INFORMATION PROVIDED
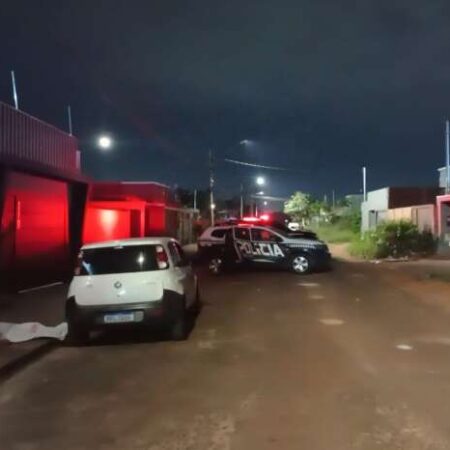 Homem é assassinado a tiros em frente de casa no Tijuca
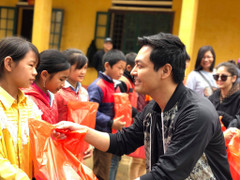 Phan Anh công bố dự án 1.000 tủ sách cho trẻ em vùng cao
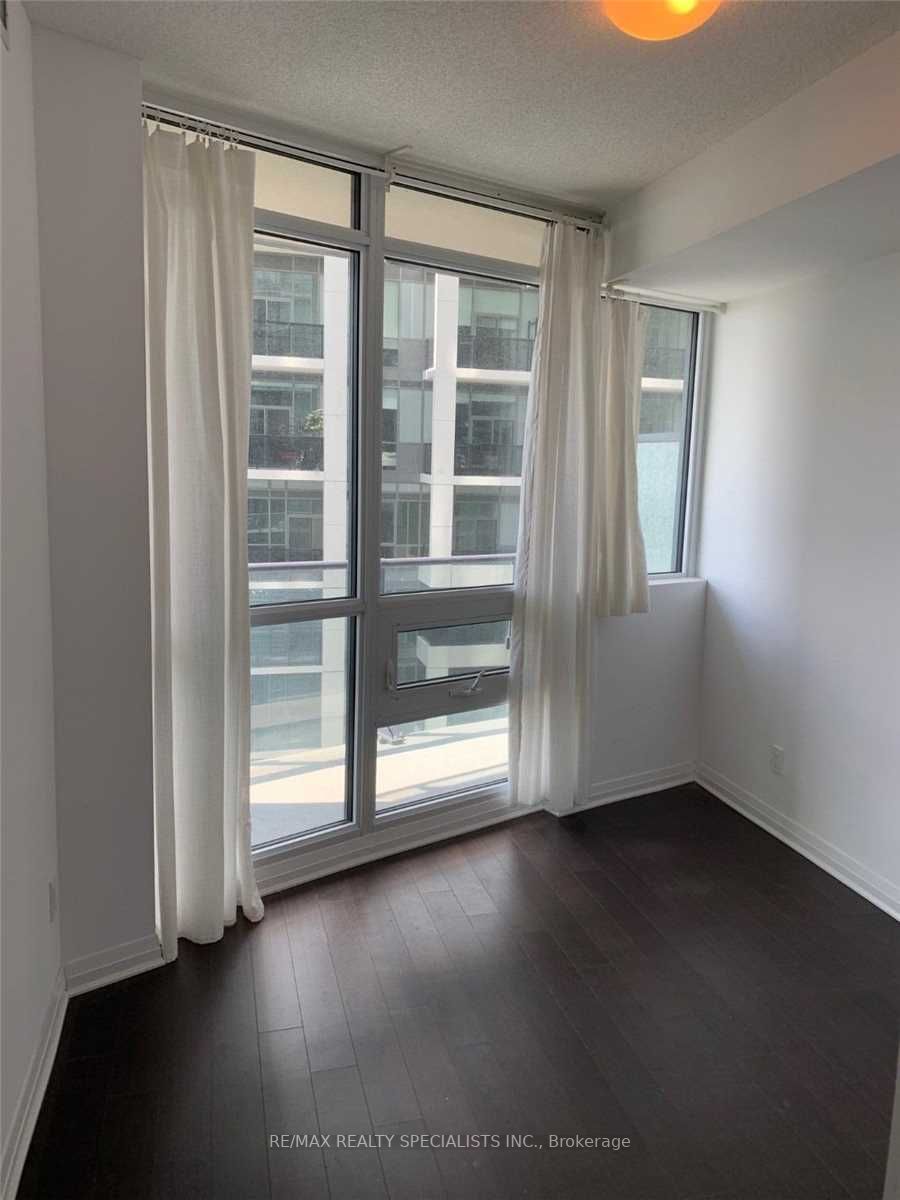 59 Annie Craig Dr, #1604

WHAT YOU HAVE TO DO
The entire listing above, word for word and without pictures, is what should be output.

PROBLEM SOLUTION
 Homem é assassinado a tiros em frente de casa no Tijuca
 Phan Anh công bố dự án 1.000 tủ sách cho trẻ em vùng cao
 59 Annie Craig Dr, #1604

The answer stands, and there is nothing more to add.